Le sujet principal est un agent de change qui se sauvait à l'étranger en emportant la fortune de ses clients. Attiré par un individu dans une misérable maison sous le prétexte de favoriser sa fuite, il y est assassiné, dépouillé, puis jeté à la Seine, de concert avec une femme nommée Rosalie qui demeurait chez cet homme. L'assassin agit avec une telle prudence et sut si bien prendre ses précautions, que toute trace du crime disparut, et que tout soupçon de meurtre fut écarté. Peu après il épousa sa complice Rosalie, et tous deux purent désormais vivre dans l'aisance sans craindre aucune poursuite, sinon celle du remords, lorsqu'une circonstance vint mettre le comble à leurs angoisses. Voici comment il la raconte lui-même :

« Cette quiétude fut troublée dès les premiers jours de notre mariage. A moins de l'intervention directe d'une puissance occulte, il faut convenir que le hasard se montra ici étrangement intelligent. Si merveilleux, que paraisse le fait, vous ne penserez même pas à le mettre en doute, puisque, aussi bien, vous en avez la preuve vivante en mon fils. Bien des gens, au reste, ne manqueraient pas d'y voir un fait purement physique et physiologique et de l'expliquer rationnellement. Quoi qu'il en soit, je remarquai tout à coup des traces de tristesse sur le visage de Rosalie. Je lui en demandai la raison. Elle éluda de me répondre.

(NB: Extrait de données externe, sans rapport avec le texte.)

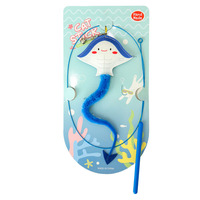 Jouet interactif pour chat en forme de poisson-diable mignon en acier inoxydable avec plumes et peluche, vente en gros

Le lendemain et les jours suivants, sa mélancolie ne faisant que croître, je la conjurai de me tirer d'inquiétude. Elle finit par m'avouer une chose qui ne laissa pas que de m'émouvoir au plus haut degré. La première nuit même de nos noces, en mon lieu et place, bien que nous fussions dans l'obscurité, elle avait vu, mais vu, prétendait-elle, comme je vous vois, la figure pâle de l'agent de change. Elle avait épuisé inutilement ses forces à chasser ce qu'elle prenait d'abord pour un simple souvenir ; le fantôme n'était sorti de ses yeux qu'aux premières lueurs du crépuscule. De plus, ce qui certes était de nature à justifier son effroi, la même vision l'avait persécutée avec une ténacité analogue pendant plusieurs nuits de suite.

Je simulai un profond dédain et tâchai de la convaincre qu'elle avait été dupe tout uniment d'une hallucination. Je compris, au chagrin qui s'empara d'elle et se tourna insensiblement en cette langueur où vous l'avez vue, que je n'avais point réussi à lui inculquer mon sentiment. Une grossesse pénible, agitée, équivalente à une maladie longue et douloureuse, empira encore ce malaise d'esprit ; et si un accouchement heureux, en la comblant de joie, eut une influence salutaire sur son moral, ce fut de bien courte durée. Je me vis contraint, par-dessus cela, de la priver du bonheur d'avoir son enfant auprès d'elle, puisque, par rapport à mes ressources officielles, une nourrice à demeure chez moi eût paru une dépense au-dessus de mes moyens.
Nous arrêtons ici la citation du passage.